# stallion prospect for my mare



## Sara (Jul 6, 2007)

He's a good looking guy. Do you have pics of your mare to show?


----------



## appylover31803 (Sep 18, 2007)

I don't really like arabs, but he's gorgeous! I love how his mane is lighter than his coat, really makes him stand out. His foals are really adorable. I like the first and last one the best, more so the last one because of his really cool face marking.


----------



## Bugabo (Oct 2, 2007)

He looks to be a very cute Arab. He just seems to be a little down hill and a tad upright in the hind legs. But otherwise he is SO cute!!


----------



## jazzyrider (Sep 16, 2007)

Sara said:


> He's a good looking guy. Do you have pics of your mare to show?


i do, but be warned, ive not all that long had her and ive been feeding her up as she was quite skinny. hence why im not putting her to a stallion for about a year. i will put one or two up now and then get some good conformation shots of her this afternoon. i have few problems with her conformation (typical tb although a lot rounder from pics ive seen when she in form).

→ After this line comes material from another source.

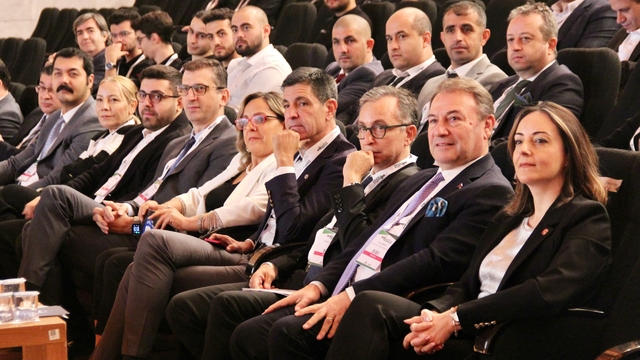 Automotive Meetings Bursa, 40 ülkeden 300 firmanın katılımıyla başladı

please dont judge her on how she looks now lol although this photo is a few days old and every day she is getting fatter and more healthy.


----------



## LMW (Mar 1, 2007)

The stallion is beautiful! I love his coloring


----------



## jazzyrider (Sep 16, 2007)

LMW said:


> The stallion is beautiful! I love his coloring


tis definitely in unusual colouring. i love it too!

nothing said about my girl though  lol just kidding


----------



## Sara (Jul 6, 2007)

Well...does look like he could add some nice things to your mare. But as you said, these aren't exactly confo shots so its hard to judge. 

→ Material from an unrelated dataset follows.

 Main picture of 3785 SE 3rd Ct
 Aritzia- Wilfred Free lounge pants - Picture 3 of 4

Hopefully you'd get a baby with dad's pretty neck and shorter back; your mare looks quite long in the back, that's definitely her biggest flaw; very long with a long loin. The shortness I see in her neck may just be the angle of the photo, I'm not sure. And I'm sure she'll get more bulk as she fattens up. I'd love to see more pictures of her when she's back in top form (you've already done a lot with her, congratulations on that).

For all that he has a fairly short back, that stallion is a little hollow, especially for an arab. what's his age? And how has he been ridden in the past? Also, I think your mare has a better shoulder than he does.

ed. actually, I take back the short neck thing, I was looking at your older pictures again, and the length is fine. I just don't know if I'd breed a mare with that back length...but if you are going to, I think arab is a good choice. Look for one with the best back you can possibly get.


----------



## jazzyrider (Sep 16, 2007)

Sara said:


> Well...does look like he could add some nice things to your mare. But as you said, these aren't exactly confo shots so its hard to judge.
> 
> Hopefully you'd get a baby with dad's pretty neck and shorter back; your mare looks quite long in the back, that's definitely her biggest flaw; very long with a long loin. The shortness I see in her neck may just be the angle of the photo, I'm not sure. And I'm sure she'll get more bulk as she fattens up. I'd love to see more pictures of her when she's back in top form (you've already done a lot with her, congratulations on that).
> 
> ...


yeah she is a little long in the back and thats one of the things i dont like. but she is a tb  

i was going to take some conformation shots yesterday but got wrapped up with other photo taking. ill have to wait until tomorrow for those cause i wont have the time today.

the stallion is 10 and i thought he was unbroken but then i looked at an email she had sent me with more detail and has successfully shown under local, interstate and international judges. 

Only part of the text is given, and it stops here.